Last active June 10, 2023 00:05
Bash basics, so I don't have to look them up all the time.
### Conditionals
if [[ -d "${DIRECTORY}" ]]; then ... fi # Returnes true if the directory exists
if [[ ! -d "${DIRECTORY}" ]]; then ... fi # Returnes true if the directory does not exists
if [[ ! -e "${file}" ]]; then ... fi # Returnes true if the file/directory does not exists
if [[ -z ${variable} ]]; then ... fi # Returns true if variable is not set.
if [[ $? -ne 0 ]]; then .. fi # Returns true if the previous command has failed.
# Create directory if not already exists:
[ -d foo ] || mkdir foo
mkdir -p foo
# Or a more sophisticated version:
if [[ ! -e $dir ]]; then
mkdir $dir
elif [[ ! -d $dir ]]; then
echo "$dir already exists but is not a directory" 1>&2
# Arithmetic conditions:
if (( $var % 4 == 0 )); then echo "The number is dividable by four."; fi
# Chromosome names are usually read as jobindices. But it has to be fixed, as the 23rd chromosome is referred as X
if [[ $chr == 23 ]]; then chr="X"; fi;
# Checking if variable is an integer:
if [[ $window =~ ^-?[0-9]+$ ]]; then echo "Variable is integer!"; fi
### For/while loops
for cohort in `cat ${workingDir}/../../cohort.list.txt` ; do # looping through a list read from a file (words separated by whitespace)
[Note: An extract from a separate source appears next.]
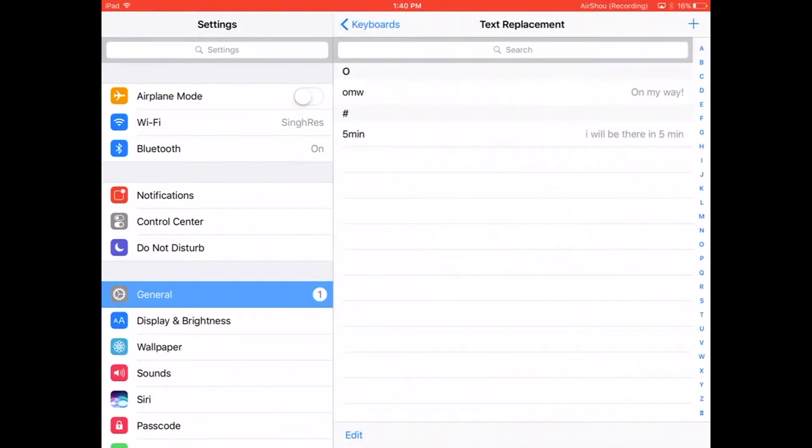This is where you can create your own custom text replacements for your slangs and you can also define full sentences. So let's go ahead and create one. Click on the plus sign on the top right corner.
for i in $(seq 1 12); do # looping though a list of numbers defined by a sequence
for i in {1..22}; do # looping though a list of numbers defined by a sequence
# Reading a file line by line:
while read p; do
echo $p
done < file
# The same as above, but more intuitive:
cat file | while read line; do
echo $line
# Looping through the indices of arrays:
for i in "${!foo[@]}"; do
# Loop control:
break # Breaks the execution of a loop (no more rounds).
continue # Continues to the next element of the loop
### Arrays
declare -a arrayname=(element1 element2 element3)
echo ${#arrayname[@]} #Number of elements in the array
echo ${#arrayname} #Number of characters in the first element of the array
echo ${#arrayname[3]} # length of the element located at index 3
echo ${arrayname[@]:3:2} # Extracting certain elements of the array
# Splitting sting to get an array:
array=(${string//;/ })
# Splitting a string and access the resulting array:
arrIN=(${IN//;/ })
# Using associative arrays in Bash:
declare -A aa # -A shows it will be an associative array
# assigning key/value pairs of an associative array:
aa=([hello]=world [ab]=cd)
# Retrieving element of an associative array:
if [[ ${aa[hello]} ]]; then
echo "equal"
# Iterating over an associative array in bash
for i in "${!aa[@]}"; do
echo "key : $i"
echo "value: ${aa[$i]}"
### Simple variables
# put command output into a variable:
var=$(ls -la)
# Exporting shell variable into awk:
# Substituting string in variable:
mv ${i} ${i/cica/kutya}
cica="cirmos cica hajj, hova lett a vaj"
echo ${cica/ /_} # one replace
echo ${cica// /_} # Global replace
### Tips & tricks
# Finding lines in file, that do not contain the pattern
cat <file> | grep -v -E "pattern"
# Creating small text file with cat:
cat > new_file Do typing, and once you are ready hit ctrl-d
# Get the first 20k entries from a vcf file plus the header indicated by # tags:
zcat file.vcf.gz | perl -lane ‘if( $_ =~ /#/){print $_ } else {$a++; print $_; die if $a == 20000;}’ | bgzip > new.vcf.gz
# find only non unique lines in file:
cat <file> | sort | uniq -d
# get the count of unique lines in file
cat <file> | sort | uniq -c
# Get a sorted list of unique items in a list:
# Source:
sort -u # The -u switch makes the output unique
sort -n # Numerical sort
sort -r <file> # Sort file in a reverse order, can be used with other commands.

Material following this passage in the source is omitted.